Por su parte, Jill oyó cómo el eco de otras dos frases resonaba por toda la habitación: «Desafió los pronósticos médicos» fue una, y la otra constaba de las cinco primeras palabras de la última frase: «A pesar de sus problemas». Sintió que una oleada de malestar la invadía y que un frío terrible le iba avanzando hacia los huesos.

– ¿Quién es? -le preguntó a gritos-. Richard, ¿quién es?

– Un bicho raro -contestó Gideon-. ¿No es verdad, papá? Virginia Davies era otro bicho raro.

– ¿Qué quiere decir con eso? -preguntó Jill, a pesar de que ya lo sabía y de que no podía soportarlo. Deseaba que Richard respondiera a su pregunta, pero éste permanecía callado como el granito, con los hombros inclinados, con la espalda encorvada y con los ojos clavados en su hijo-. ¡Di algo! -le imploró.

– Se está pensando la respuesta adecuada para ti -le informó Gideon-. Se está preguntando qué excusa puede tener para haberme dicho que mi hermana mayor murió de pequeña. Había algo en ella que no acababa de estar bien, ¿te das cuenta? Supongo que hacer ver que estaba muerta era mucho más fácil que aceptar que no era perfecta.

Por fin, Richard habló:

– No sabes de lo que estás hablando.

No obstante, Jill ya había perdido el control sobre sus pensamientos: otra hija con síndrome de Down, le gritaban las voces desde dentro del cráneo, un segundo caso de síndrome de Down, un segundo caso de síndrome de Down o algo mucho peor, algo que ni siquiera se esforzó en decirle y durante todo ese tiempo su querida Catherine corría el riesgo de algo que sólo Dios sabía, algo que las pruebas prenatales no habían identificado y él permanecía allí, permanecía allí, y miraba a su hijo y se negaba a hablar de… Se dio cuenta de que la fotografía que sostenía se le caía de las manos, se le volvía pesada, que se estaba convirtiendo en una carga que apenas podía soportar. Se le resbaló entre los dedos y gritó:

– ¡Contéstame, Richard!

Richard y su hijo se movieron a la vez en el instante en que la fotografía caía estrepitosamente sobre el desnudo suelo de madera; Jill pasó por encima de la fotografía, la rodeó, sintiendo que no podría aguantar su imposible peso ni un minuto más. Por lo tanto, se dirigió a trompicones hacia el sofá, donde se convirtió en una espectadora muda de lo que sucedió a continuación.

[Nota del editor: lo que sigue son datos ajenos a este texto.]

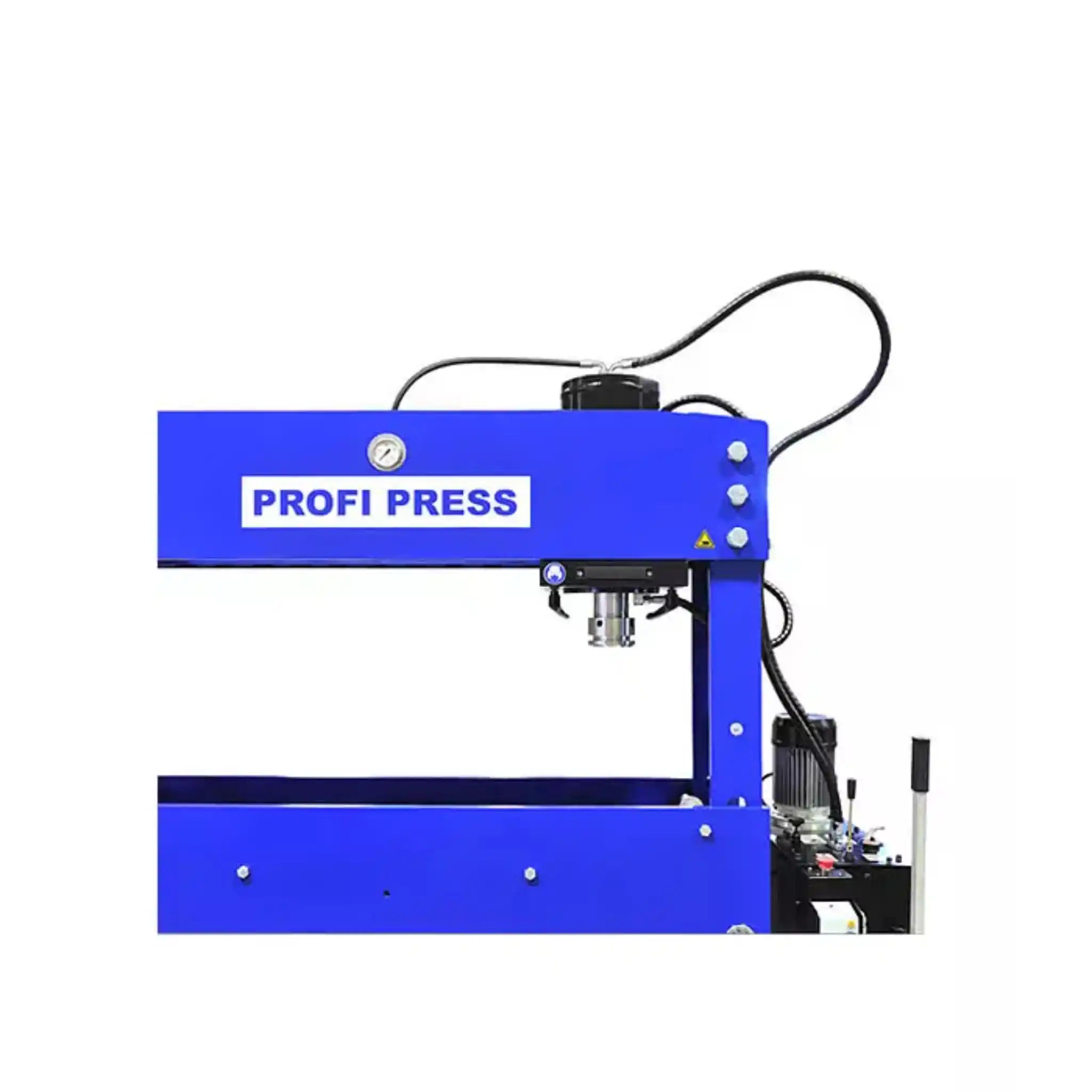 A image of the Profi Press 160 Ton hydraulic press showing that the cylinder can be moved to accommodate different projects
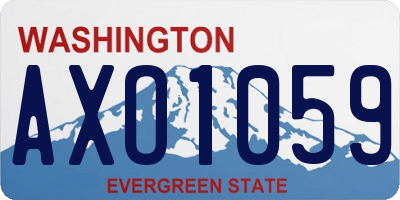 WA license plate AXO1059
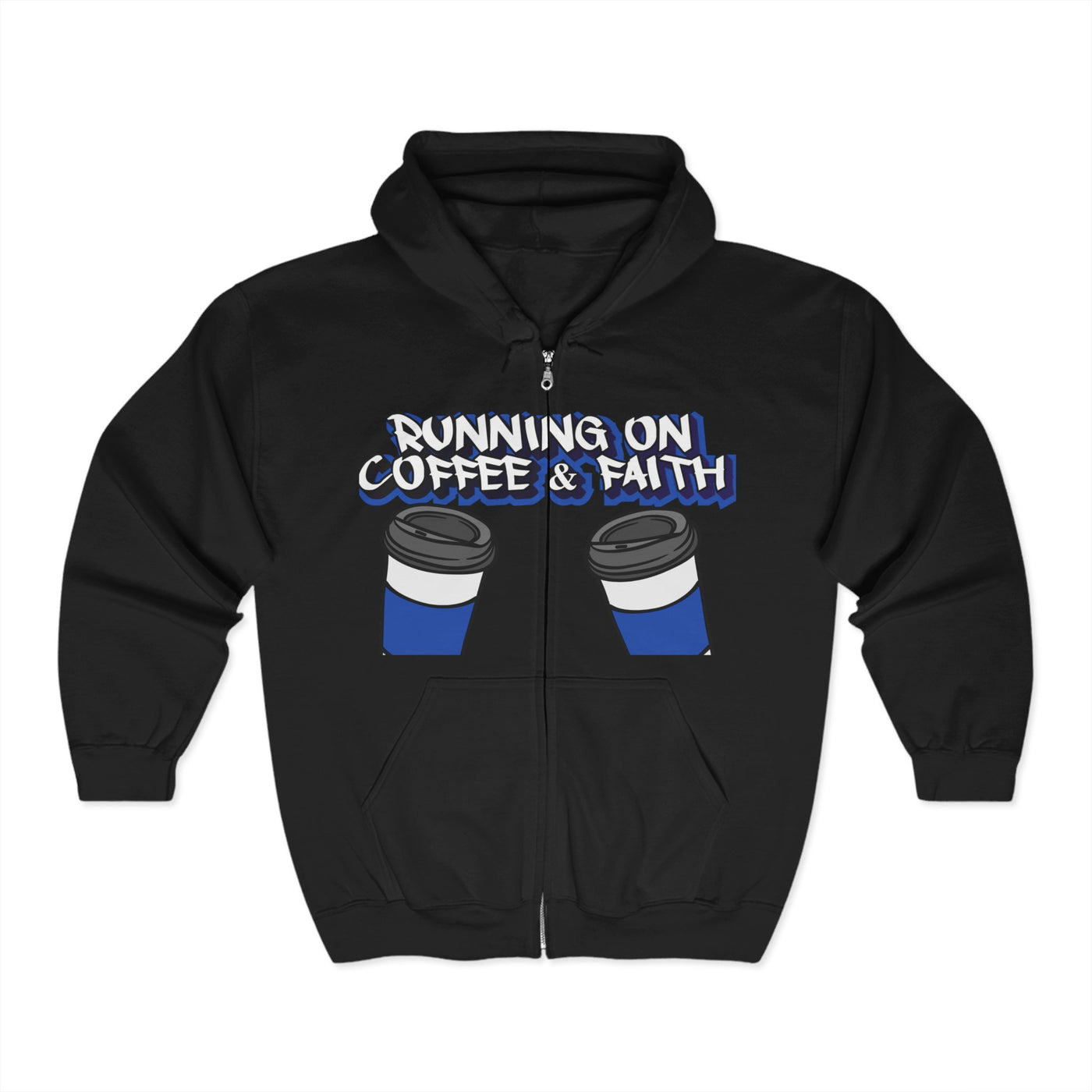 Running on Coffee & Faith Hoodie - Unisex Heavy Blend Full Zip Sweatshirt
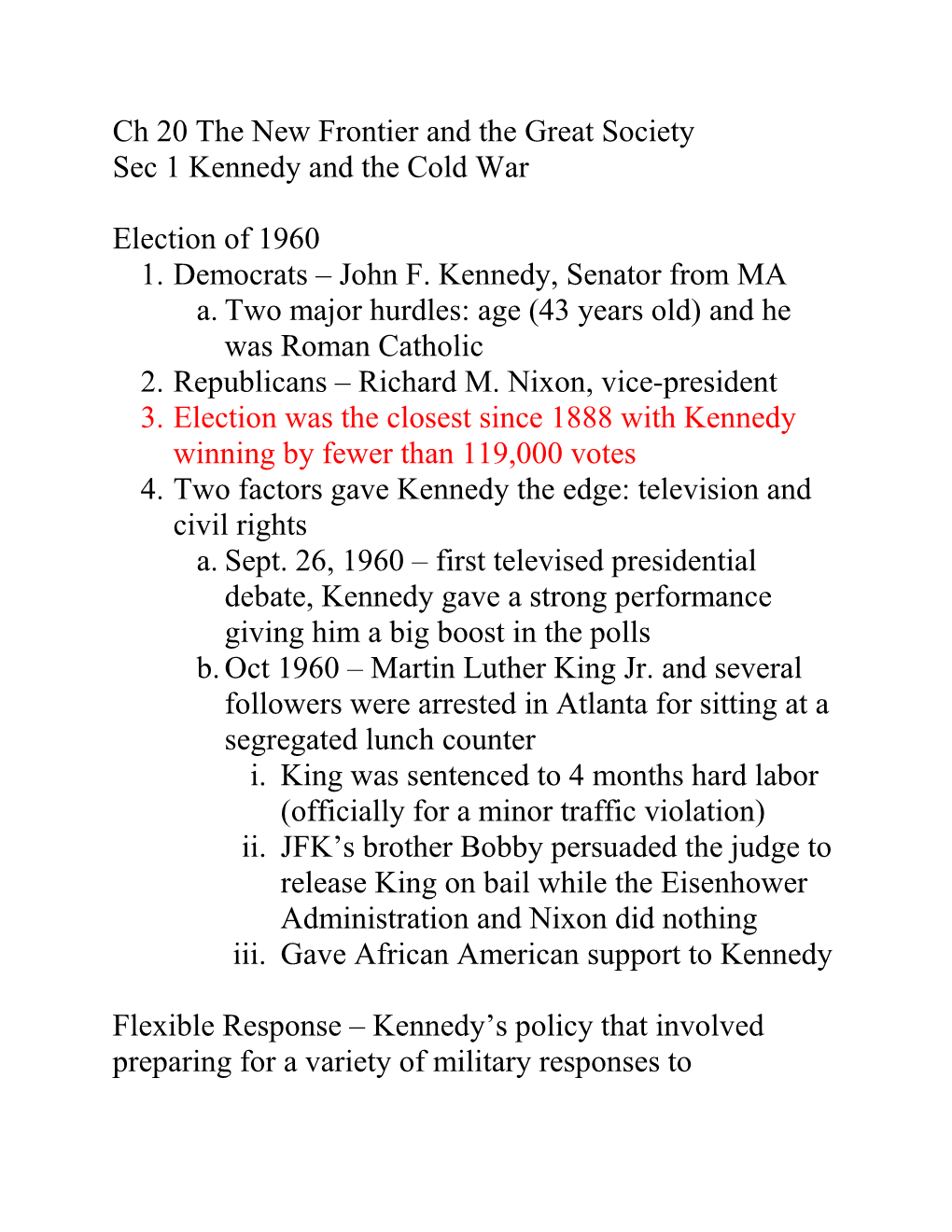 Ch 20 the New Frontier and the Great Society Sec 1 Kennedy and the Cold War Election of 1960 1. Democrats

Con impaciencia, Richard se agachó para coger la fotografía, pero se lo impidió la escayola de la pierna. Gideon la cogió primero. La agarró, gritando: «¿Algo más, papá?», y después se la quedó mirando a medida que los dedos se le quedaban blancos sobre el marco de madera.

– ¿De dónde ha salido esto? -le preguntó con brusquedad mientras alzaba los ojos hacia su padre.

– Debes calmarte, Gideon -le sugirió Richard, a pesar de que sonaba desesperado; Jill les observaba y veía cómo iba creciendo la tensión: la de Richard cual látigo entre las manos, la de Gideon enroscada y lista para saltar de golpe.